Evaluating single-sample Google Trends research studies: What’s hype and what’s not

Jacques Raubenheimer, Jonathan Inkiriwang, Adela Wu, Nicholas Buckley

Background: Digital health studies using Google Trends (GT) have increased exponentially since the release of the first GT paper in 2009. However, the recommendations of two systematic reviews (Nuti et al, 2014; Mavragani et al, 2018) have largely been ignored. Also, only a handful of several thousand studies have used multiple sampling techniques to improve their estimates. The impact of inadequate sampling is unknown.
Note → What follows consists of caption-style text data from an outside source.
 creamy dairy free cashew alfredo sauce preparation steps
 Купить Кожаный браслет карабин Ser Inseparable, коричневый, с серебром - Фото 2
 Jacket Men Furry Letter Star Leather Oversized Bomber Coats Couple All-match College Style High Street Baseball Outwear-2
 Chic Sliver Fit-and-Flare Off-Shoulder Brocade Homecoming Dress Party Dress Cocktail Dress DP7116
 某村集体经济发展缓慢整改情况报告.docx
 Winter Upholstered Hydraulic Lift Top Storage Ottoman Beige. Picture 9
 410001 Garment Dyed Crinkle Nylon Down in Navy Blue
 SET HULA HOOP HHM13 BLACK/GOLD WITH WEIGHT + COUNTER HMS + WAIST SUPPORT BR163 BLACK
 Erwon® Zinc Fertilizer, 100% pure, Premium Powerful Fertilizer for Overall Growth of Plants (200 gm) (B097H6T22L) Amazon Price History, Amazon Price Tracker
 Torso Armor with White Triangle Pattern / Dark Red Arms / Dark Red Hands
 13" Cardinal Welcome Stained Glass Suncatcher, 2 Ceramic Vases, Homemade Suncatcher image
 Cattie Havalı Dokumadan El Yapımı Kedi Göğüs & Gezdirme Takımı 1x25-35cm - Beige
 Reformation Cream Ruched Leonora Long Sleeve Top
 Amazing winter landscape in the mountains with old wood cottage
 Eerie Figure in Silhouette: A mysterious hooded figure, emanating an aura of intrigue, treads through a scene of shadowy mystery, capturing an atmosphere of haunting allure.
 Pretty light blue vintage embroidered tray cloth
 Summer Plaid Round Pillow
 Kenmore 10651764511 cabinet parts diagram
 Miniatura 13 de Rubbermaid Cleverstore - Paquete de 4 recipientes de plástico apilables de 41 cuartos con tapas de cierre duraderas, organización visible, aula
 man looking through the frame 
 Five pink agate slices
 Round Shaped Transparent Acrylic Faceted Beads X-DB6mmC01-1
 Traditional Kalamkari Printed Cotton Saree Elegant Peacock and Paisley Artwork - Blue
Aims: To re-examine published studies using multiple sampling from GT and estimate the impact of inadequate sampling.

Methods: We identified four studies with published data: Lazer et al (2014), Gamma et al (2016), Husnayain et al (2019), Schneider et al (2020). We replicated the methods of each study using their own data, confirming their results. We extracted 130 samples of GT data using the same specifications (time, region, terms) as the authors. We repeated the four article analyses on each sample and tallied the impact on the results.

Results: Each study showed some variation in its results across multiple samples, from minor, but noticeable, to significantly different outcomes. As expected, the best estimate was obtained using the mean series across all 130 samples.

Conclusions: Research using GT needs to take multiple samples of data to obtain accurate estimates before analysis. The number of samples needed appear to be related to the time frame (earlier data require more samples). The four studies all used different methods of analysis, and more research is needed to determine the extent to which different analysis methods are impacted by inadequate sampling.